- **Work order**
Reproduce exactly the lines of this material that begin at the line with "RUN CLUB Men's" and end at the line with "Lindby væglampe Phil, hvid, glas, højde", both included. Omit the pictures and everything else.

- **Records for processing**
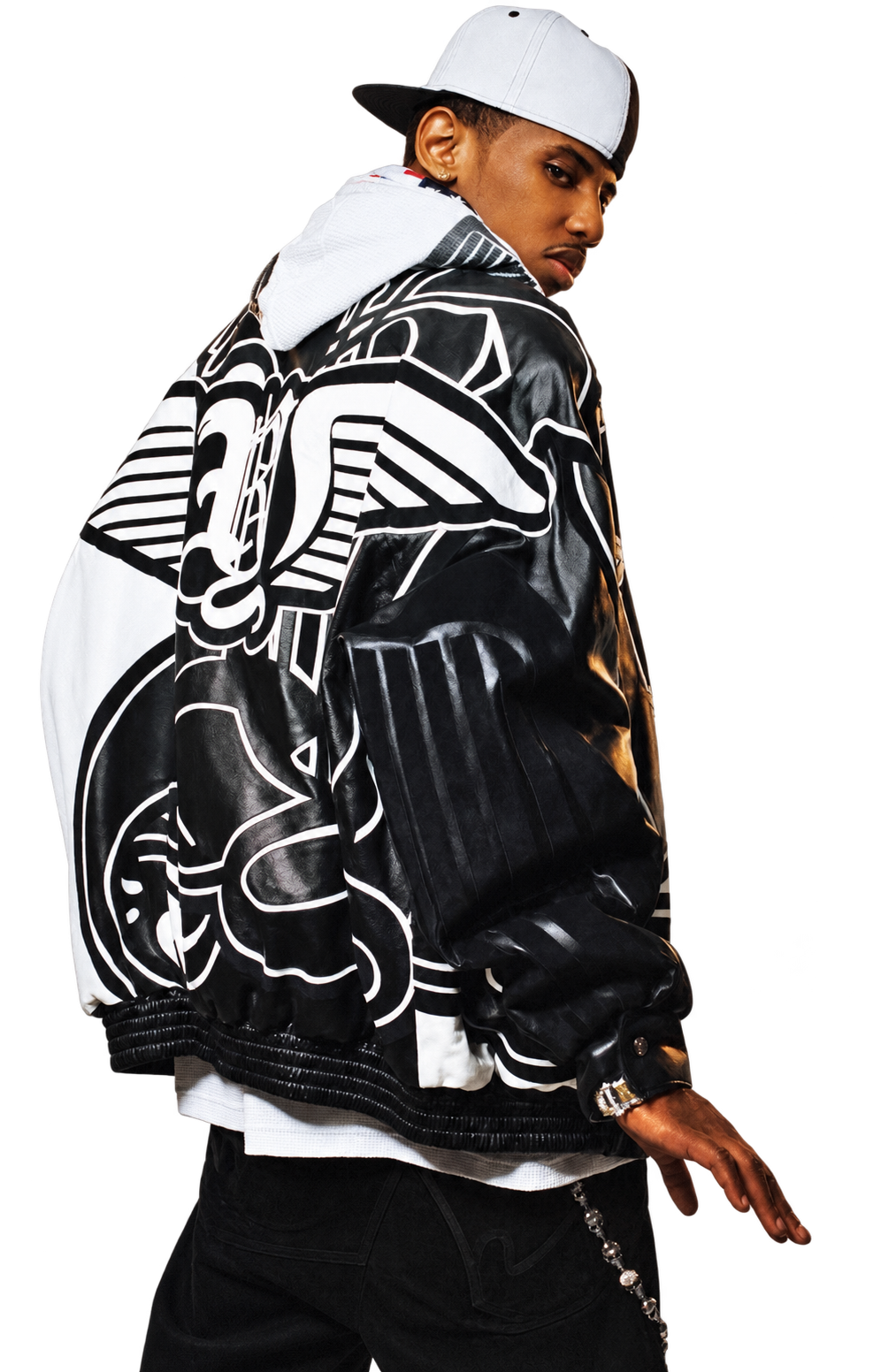 Fabolous wearing a Rich Yung wing jacket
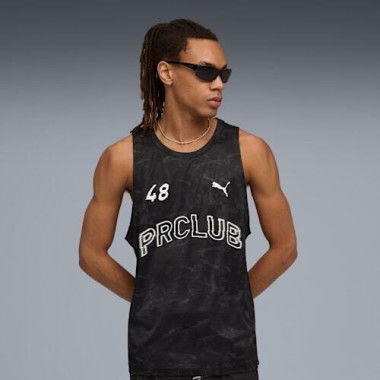 RUN CLUB Men's Graphic Tank Top in Black, Size Small, Polyester by PUMA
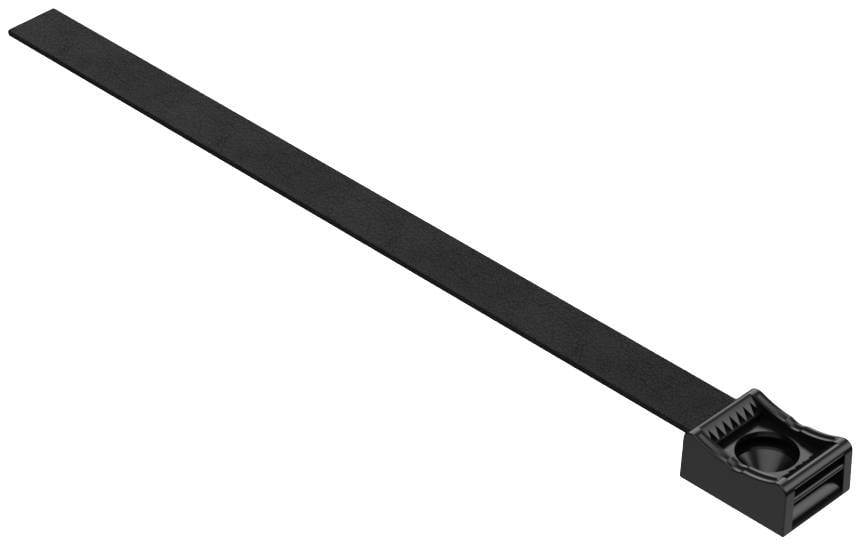 Hebotec HEBOTEC Hook-and-loop mount for bundling with socket, screw-on Hook  and loop pad (W x H) 10 mm x 150 mm Black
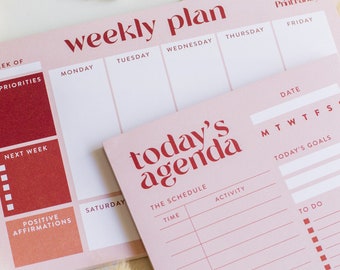 Agenda Notepad Bundle, Weekly Agenda Notepad, Daily To-Do List, Gifts for Coworkers, Schedule Notepad, Work Planner, Organizational Notepads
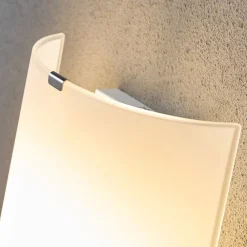 Lindby væglampe Phil, hvid, glas, højde 21 cm, sæt med 3 stk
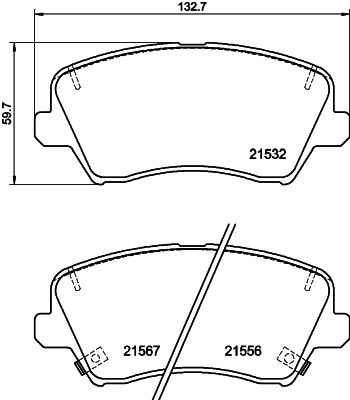 Brake Pad Set, disc brake HELLA PAGID 8DB 355 039-971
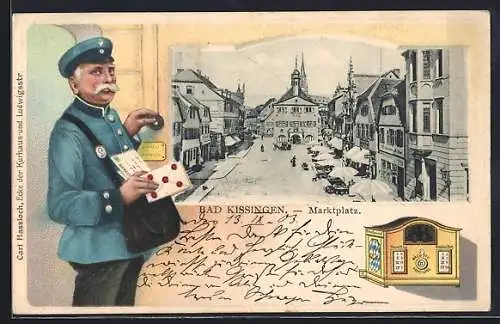 Lithographie Bad Kissingen, Blick auf den Marktplatz, Briefträger im Passepartout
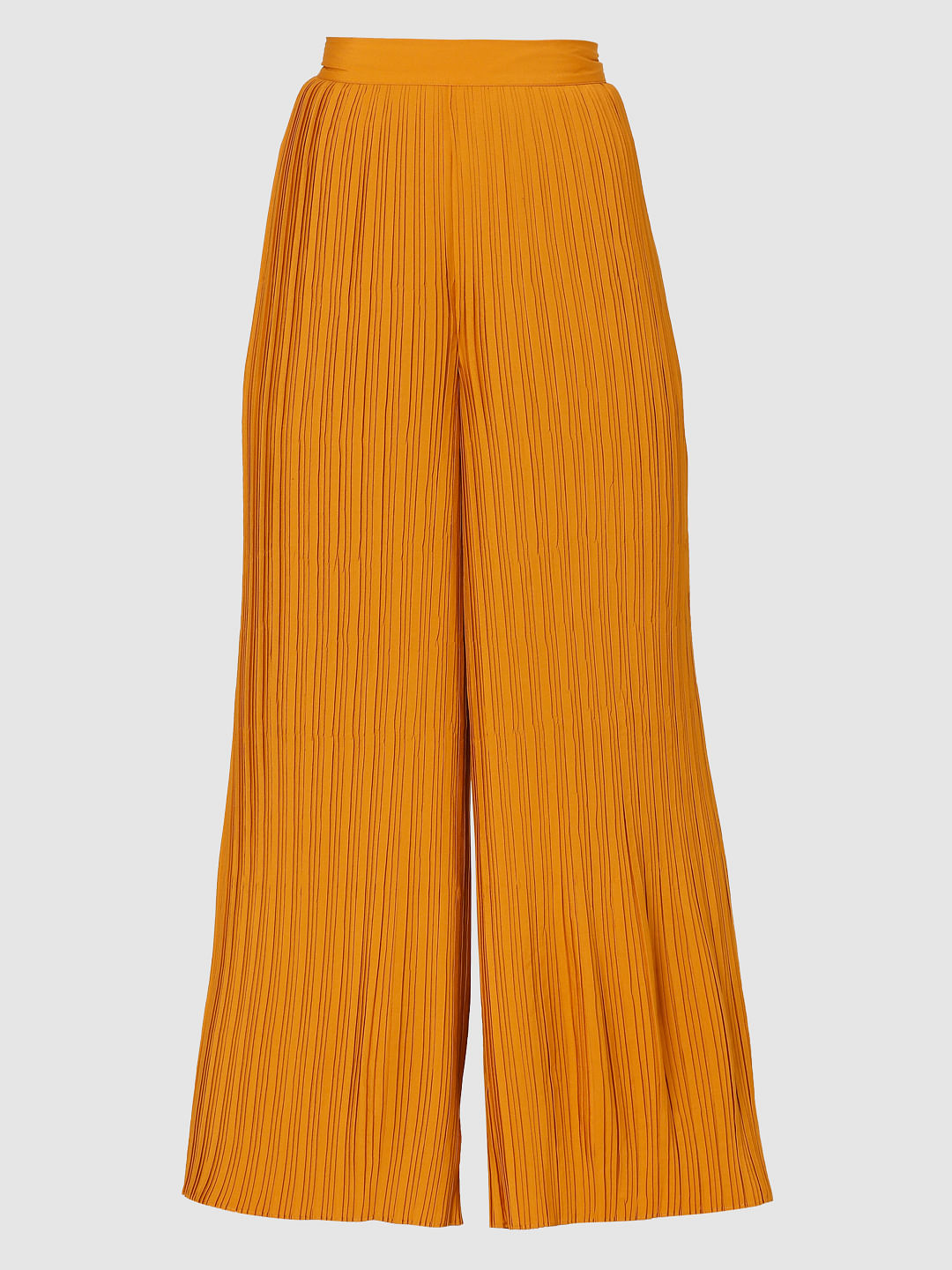 Orange High Rise Pleated Pants
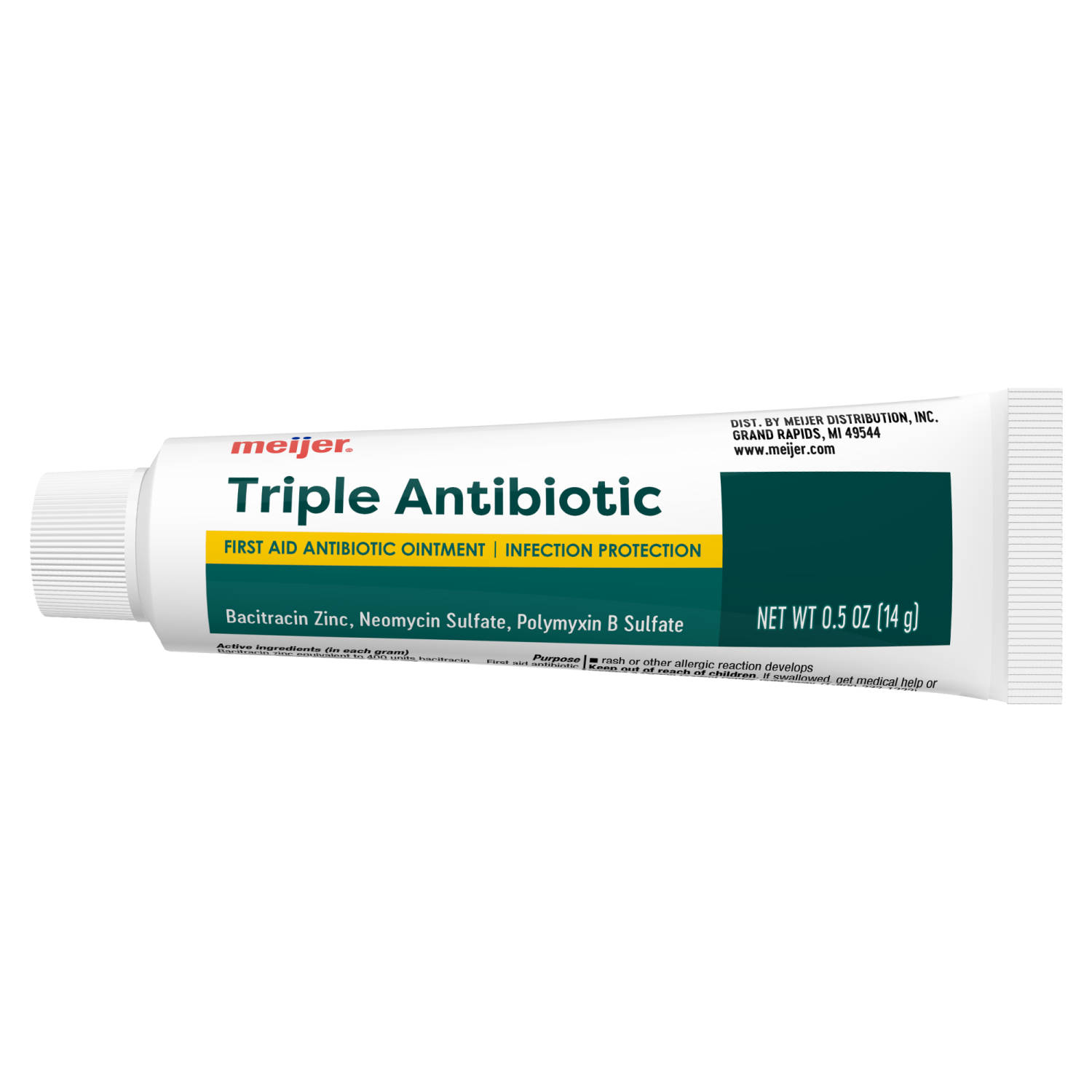 slide 2 of 2, Meijer First Aid Triple Antibiotic Ointment, Treats Minor Cuts, Scrapes and Burns, .5 oz, 0.5 oz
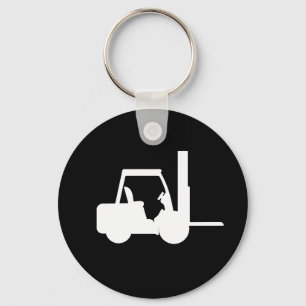black and white  Forklift Key Ring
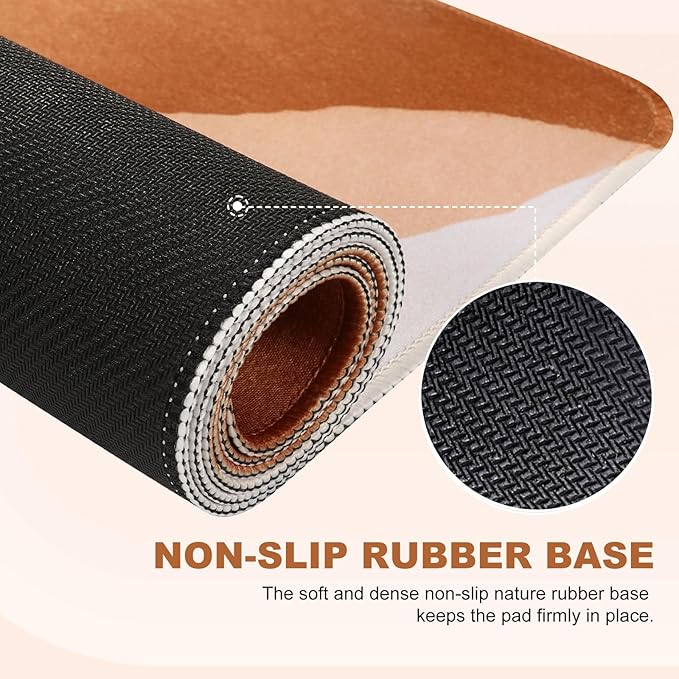 HAOCOO Mouse Pad, Computer Desk Mat, Large Mouse Pad for Desk, XXL Gaming Boho Mousepad Cute for Desktop with Non-Slip Base, Waterproof Laptop Keyboard Mat for Office Home,Boho Brown Tan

- **Output of the exercise**
 RUN CLUB Men's Graphic Tank Top in Black, Size Small, Polyester by PUMA
 Hebotec HEBOTEC Hook-and-loop mount for bundling with socket, screw-on Hook  and loop pad (W x H) 10 mm x 150 mm Black
 Agenda Notepad Bundle, Weekly Agenda Notepad, Daily To-Do List, Gifts for Coworkers, Schedule Notepad, Work Planner, Organizational Notepads
 Lindby væglampe Phil, hvid, glas, højde 21 cm, sæt med 3 stk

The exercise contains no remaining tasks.